I have a bad habit of using the same names over and over again in my fiction. I like names that sound real to me, even if they are a little bland, Andrea, Martin, John, Amy, Allison, Michelle, etc. If I pick up a book that isn’t by Charles Dickens or Kurt Vonnegut, and the names of the main characters are Chasworth Butterly or Antonella Wickdon, I bristle. Having said that, one of my main characters in The Opportunist is named Kelly McNutt, which is not a commonplace surname. But it seemed right for a feisty redhead who is a tough nut to crack.

How surprised would your teenage reader self be by your novel?

I think my teenage self would be surprised that I had written a murder-y thriller. My teenage self would sneer, take a deep drag of a Player’s Extra Light and ask me why I hadn’t written a book of raw angry poems instead.

Do you find it harder to write beginnings or endings? Which do you change more? Endings are a breeze. I almost always envision the ending of a story before I start.

Getting there is the challenge, since I don’t plot things out in advance. I know the destination, but not the route. Beginnings are a little harder, but the toughest part is always the middle, or the muddle as some people call it.

Do you see much of yourself in your characters? Do they have any connection to your personality, or are they a world apart?
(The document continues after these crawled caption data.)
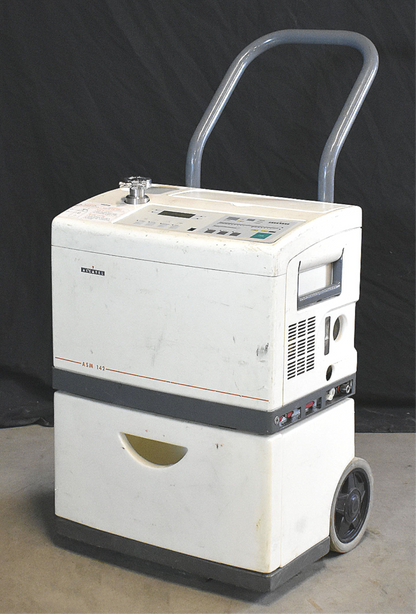 90DAYWARRANTY ALCATEL™ ASM 142 HELIUM LEAK DETECTOR FREESHIPPING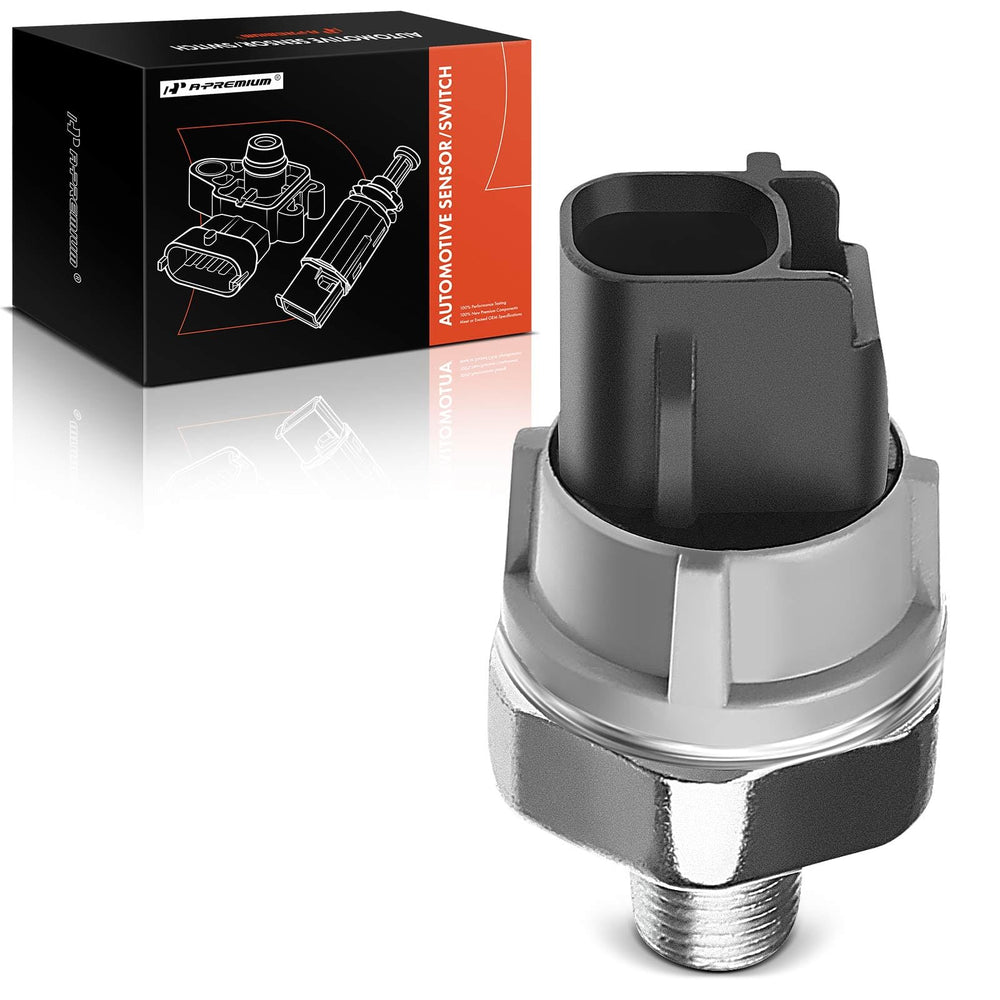 A-Premium engine oil pressure switch sensor on Subaru Outback front view for reliable readings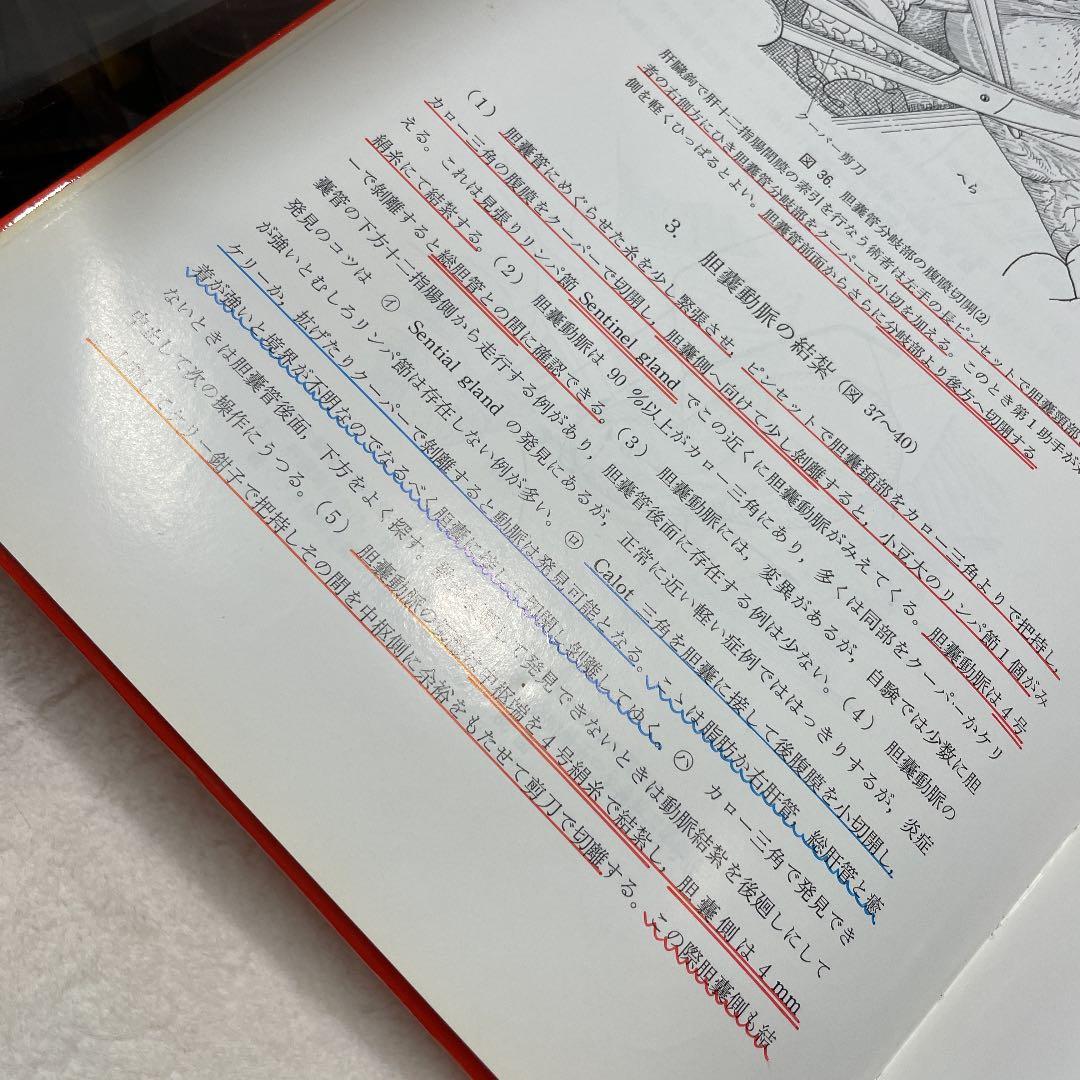 最新図解手術叢書 胆石症 乳腺 虫垂炎 手術 3冊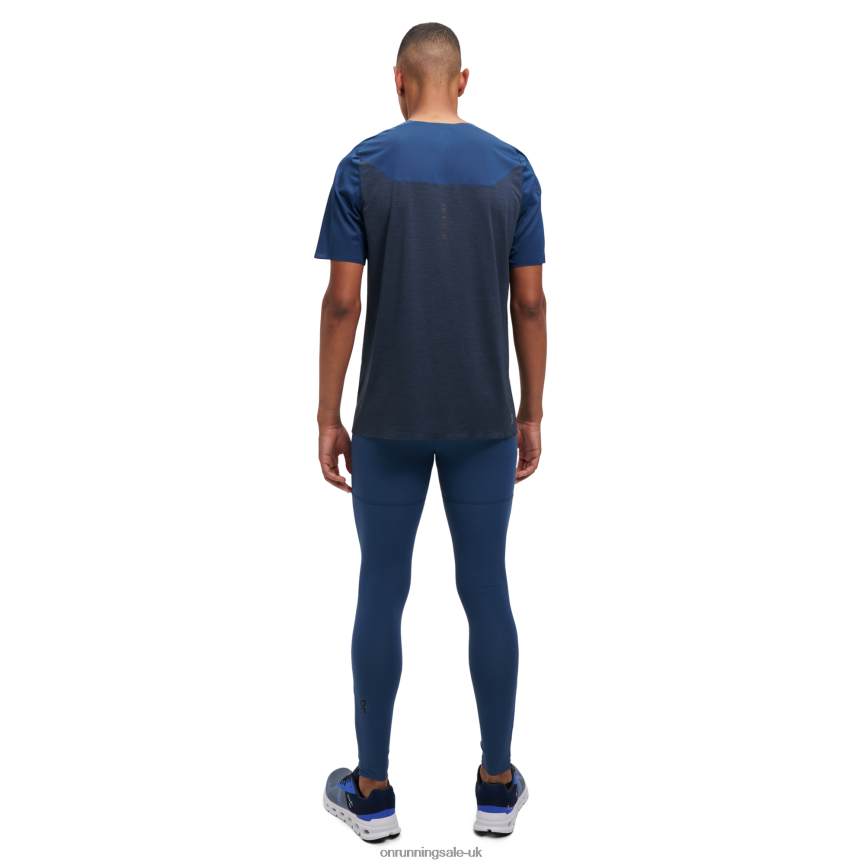 On Running Men Performance-T 8N62N8692 Denim/Navy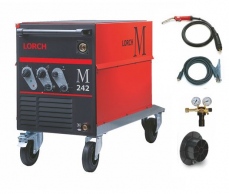 LORCH M 242 Kompaktanlage gasgekühlt Set mit Brenner ML 2500 3m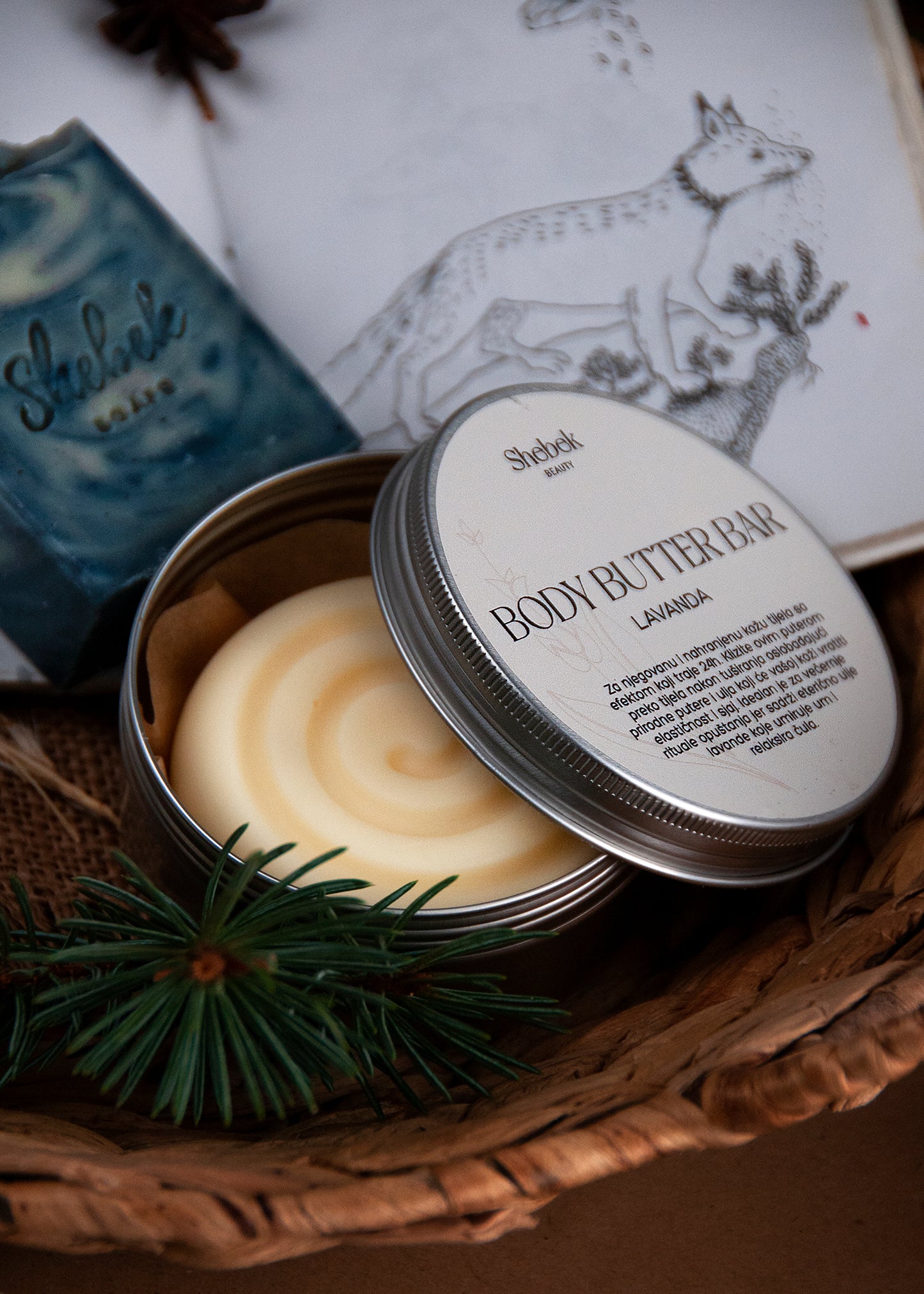 Body Butter Bar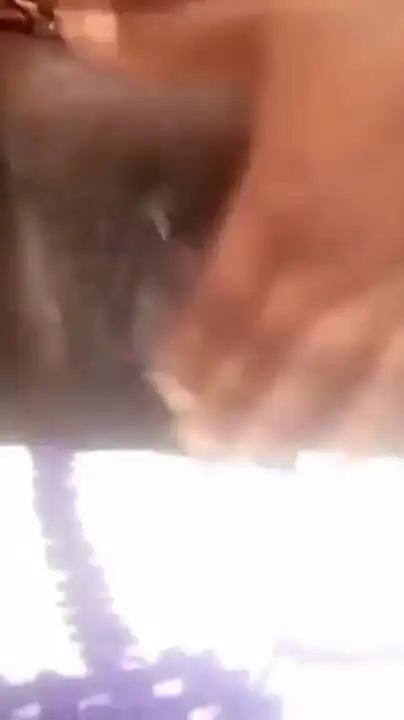 Fat Ebony Mama Masturbate for Me on Whatsapp
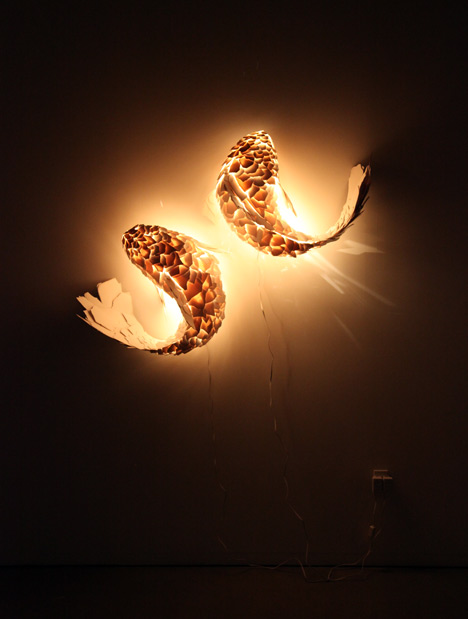 Fish Lamps by Frank Gehry Fish Lamps by Frank Gehry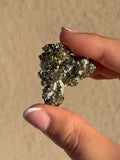 Pyrite bulgara con galena e Sfallerite
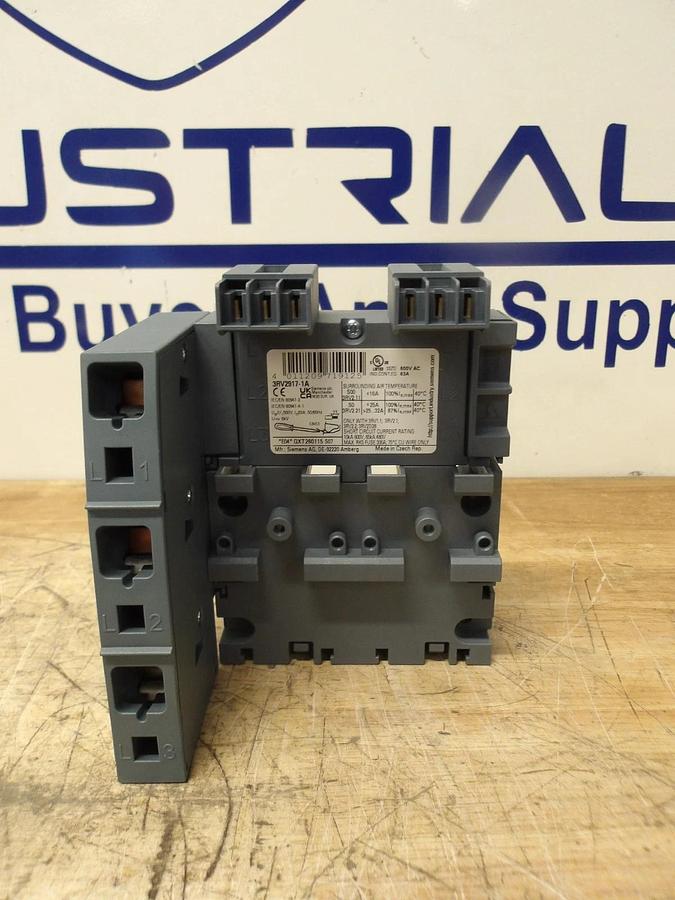 SIEMENS 3RV2917-A1 STARTER BUSBAR MODULE, #713809G NIB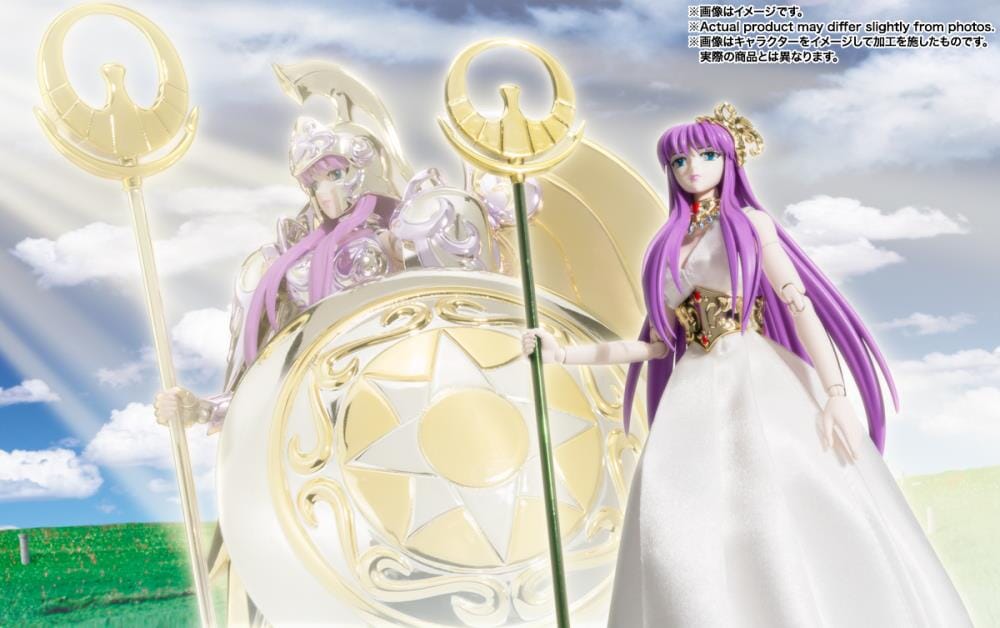 Saint Seiya Myth Cloth EX Goddess Athena & Saori Kido - Image 15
It depends on the book. My first novel was my most autobiographical. Since then, I’ve had less and less in common with my protagonists. But there are definitely some similarities between me and Alana, the main character in The Opportunist. We both drive decrepit, ancient vehicles, will do almost anything for our children, and will eagerly scrape the hard white icing from the aluminum cinnamon bun pan into our mouths while simultaneously regretting it.

What non-literary inspirations have influenced your writing?

The news influences my writing, but in a subconscious way. I don’t write about issues, or set out to tackle topics in my fiction, but the zeitgeist seeps into the narratives. Kind of like a base-note in a perfume. It’s there, a part of the thing, but it’s subtle (I hope).